NEC says it has carried out successful transmission tests with Google over a commercial long-haul subsea cable in which it more than doubled capacity using artificial intelligence (AI) and probabilistic shaping at a modulation of 64QAM.
NEC, in a joint research publication with Google, demonstrated for the first time that the FASTER trans-pacific open subsea cable can be upgraded to a spectral efficiency of 6 bits per second per hertz (b/s/Hz) in an 11,000-km segment. This represents a capacity of more than 26 Tbps in the C-band, which is over 2.5 times the capacity originally planned for the cable, for no additional wet plant capital expenditure.
In doing so, the authors set a spectral efficiency-distance product record of 66,102 b/s/Hz in a field trial performed together with live traffic neighboring channels.
The team achieved this result using near-Shannon probabilistic-shaping at a modulation of 64QAM. Also, for the first time on a live cable, AI was used to analyze data for the purpose of nonlinearity compensation (NLC). NEC says it developed an NLC algorithm based on data-driven deep neural networks (DNN) to accurately and efficiently estimate the signal nonlinearity.

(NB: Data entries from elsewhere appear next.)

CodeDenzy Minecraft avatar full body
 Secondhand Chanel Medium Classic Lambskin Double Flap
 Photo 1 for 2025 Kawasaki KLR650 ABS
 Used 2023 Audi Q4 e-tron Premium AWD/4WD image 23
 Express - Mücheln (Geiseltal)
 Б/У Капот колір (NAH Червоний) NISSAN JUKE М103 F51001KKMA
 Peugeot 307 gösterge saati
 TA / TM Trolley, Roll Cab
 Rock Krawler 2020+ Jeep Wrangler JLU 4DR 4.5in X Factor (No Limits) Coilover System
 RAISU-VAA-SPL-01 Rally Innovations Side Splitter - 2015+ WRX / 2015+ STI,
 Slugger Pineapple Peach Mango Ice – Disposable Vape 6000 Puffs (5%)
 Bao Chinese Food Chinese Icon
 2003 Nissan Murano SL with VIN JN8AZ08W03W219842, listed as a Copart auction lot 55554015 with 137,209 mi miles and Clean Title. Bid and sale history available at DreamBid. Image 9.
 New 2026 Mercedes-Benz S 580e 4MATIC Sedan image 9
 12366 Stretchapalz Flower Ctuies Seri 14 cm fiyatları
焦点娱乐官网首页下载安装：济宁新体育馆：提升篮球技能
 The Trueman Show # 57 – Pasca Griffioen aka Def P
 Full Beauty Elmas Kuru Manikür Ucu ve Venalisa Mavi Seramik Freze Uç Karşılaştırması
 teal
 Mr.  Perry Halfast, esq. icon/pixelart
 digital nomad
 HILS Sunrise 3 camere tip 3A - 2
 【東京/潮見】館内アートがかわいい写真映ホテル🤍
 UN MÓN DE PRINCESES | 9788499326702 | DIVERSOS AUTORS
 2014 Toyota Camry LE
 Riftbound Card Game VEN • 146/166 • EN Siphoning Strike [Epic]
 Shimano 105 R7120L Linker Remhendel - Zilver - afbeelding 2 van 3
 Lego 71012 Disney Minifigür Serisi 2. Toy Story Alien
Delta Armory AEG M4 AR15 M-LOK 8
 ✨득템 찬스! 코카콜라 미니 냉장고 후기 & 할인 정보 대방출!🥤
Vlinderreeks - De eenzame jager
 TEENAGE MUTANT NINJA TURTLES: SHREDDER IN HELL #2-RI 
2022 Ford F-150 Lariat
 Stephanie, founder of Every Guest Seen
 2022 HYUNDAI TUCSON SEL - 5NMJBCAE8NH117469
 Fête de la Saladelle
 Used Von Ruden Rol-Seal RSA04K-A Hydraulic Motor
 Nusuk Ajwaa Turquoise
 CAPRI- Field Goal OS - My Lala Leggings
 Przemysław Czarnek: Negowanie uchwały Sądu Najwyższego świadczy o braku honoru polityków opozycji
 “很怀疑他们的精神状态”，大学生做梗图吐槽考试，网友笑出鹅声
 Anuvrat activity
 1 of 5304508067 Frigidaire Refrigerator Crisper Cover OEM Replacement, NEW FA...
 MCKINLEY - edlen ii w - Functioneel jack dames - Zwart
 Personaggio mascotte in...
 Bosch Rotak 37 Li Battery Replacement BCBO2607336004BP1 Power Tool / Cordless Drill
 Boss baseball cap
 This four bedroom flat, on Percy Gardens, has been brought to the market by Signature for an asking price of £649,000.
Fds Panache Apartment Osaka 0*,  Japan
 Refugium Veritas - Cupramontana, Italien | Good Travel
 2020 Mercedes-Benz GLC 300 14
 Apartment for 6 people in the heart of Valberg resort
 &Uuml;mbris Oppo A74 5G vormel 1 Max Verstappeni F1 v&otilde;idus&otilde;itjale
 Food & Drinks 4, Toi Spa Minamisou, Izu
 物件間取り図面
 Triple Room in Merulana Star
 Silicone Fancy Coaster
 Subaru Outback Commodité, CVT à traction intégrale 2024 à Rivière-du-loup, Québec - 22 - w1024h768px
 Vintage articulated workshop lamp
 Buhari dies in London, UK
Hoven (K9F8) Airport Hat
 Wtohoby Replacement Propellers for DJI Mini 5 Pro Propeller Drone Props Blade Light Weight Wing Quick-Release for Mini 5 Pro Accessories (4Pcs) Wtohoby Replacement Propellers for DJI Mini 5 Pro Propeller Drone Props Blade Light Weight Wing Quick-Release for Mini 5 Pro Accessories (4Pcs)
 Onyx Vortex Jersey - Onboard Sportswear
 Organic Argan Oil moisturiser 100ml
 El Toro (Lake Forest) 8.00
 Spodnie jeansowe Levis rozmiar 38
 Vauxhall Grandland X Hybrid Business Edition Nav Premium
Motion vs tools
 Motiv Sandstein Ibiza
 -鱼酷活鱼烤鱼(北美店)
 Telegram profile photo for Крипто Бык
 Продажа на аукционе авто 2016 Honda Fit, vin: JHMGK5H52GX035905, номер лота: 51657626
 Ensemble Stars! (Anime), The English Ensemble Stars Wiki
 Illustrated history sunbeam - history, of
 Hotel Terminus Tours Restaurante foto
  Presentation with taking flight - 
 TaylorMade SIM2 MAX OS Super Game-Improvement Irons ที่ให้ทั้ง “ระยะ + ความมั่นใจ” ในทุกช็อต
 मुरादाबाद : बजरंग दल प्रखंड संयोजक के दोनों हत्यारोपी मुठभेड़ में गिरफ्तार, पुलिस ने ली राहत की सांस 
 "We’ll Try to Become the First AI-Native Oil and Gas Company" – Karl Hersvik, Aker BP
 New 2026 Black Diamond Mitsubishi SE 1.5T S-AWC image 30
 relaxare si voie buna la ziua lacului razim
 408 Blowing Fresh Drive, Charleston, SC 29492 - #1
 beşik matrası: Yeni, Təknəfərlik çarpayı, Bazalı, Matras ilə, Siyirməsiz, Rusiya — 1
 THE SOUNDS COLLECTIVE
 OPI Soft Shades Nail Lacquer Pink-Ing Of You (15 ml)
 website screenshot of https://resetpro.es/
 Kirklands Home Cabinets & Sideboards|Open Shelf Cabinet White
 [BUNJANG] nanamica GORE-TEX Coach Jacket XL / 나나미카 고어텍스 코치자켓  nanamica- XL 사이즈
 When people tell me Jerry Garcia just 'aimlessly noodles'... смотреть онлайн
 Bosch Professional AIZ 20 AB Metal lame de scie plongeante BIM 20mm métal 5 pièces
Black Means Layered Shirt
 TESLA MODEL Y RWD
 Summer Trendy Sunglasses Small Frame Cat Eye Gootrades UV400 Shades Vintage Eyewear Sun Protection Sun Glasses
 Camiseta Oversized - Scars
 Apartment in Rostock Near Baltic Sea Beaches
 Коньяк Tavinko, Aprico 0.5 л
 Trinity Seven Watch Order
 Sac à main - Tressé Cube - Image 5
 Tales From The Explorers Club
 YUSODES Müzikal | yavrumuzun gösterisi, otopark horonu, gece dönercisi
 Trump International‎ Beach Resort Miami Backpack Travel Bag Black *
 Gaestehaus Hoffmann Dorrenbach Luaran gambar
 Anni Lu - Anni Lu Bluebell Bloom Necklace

“Other approaches to NLC have attempted to solve the nonlinear Schrodinger equation, which requires the use of very complex algorithms,” said Toru Kawauchi, general manager of NEC’s Submarine Network division. “This approach sets aside those deterministic models of nonlinear propagation, in favor of a low-complexity black-box model of the fiber, generated by machine learning algorithms.”
He added that the results demonstrate both an improvement in transmission performance and a reduction in implementation complexity.
“Furthermore, since the black-box model is built up from live transmission data, it does not require advance knowledge of the cable parameters,” Kawauchi continued. “This allows the model to be used on any cable without prior modeling or characterization, which shows the potential application of AI technology to open subsea cable systems, on which terminal equipment from multiple vendors may be readily installed.”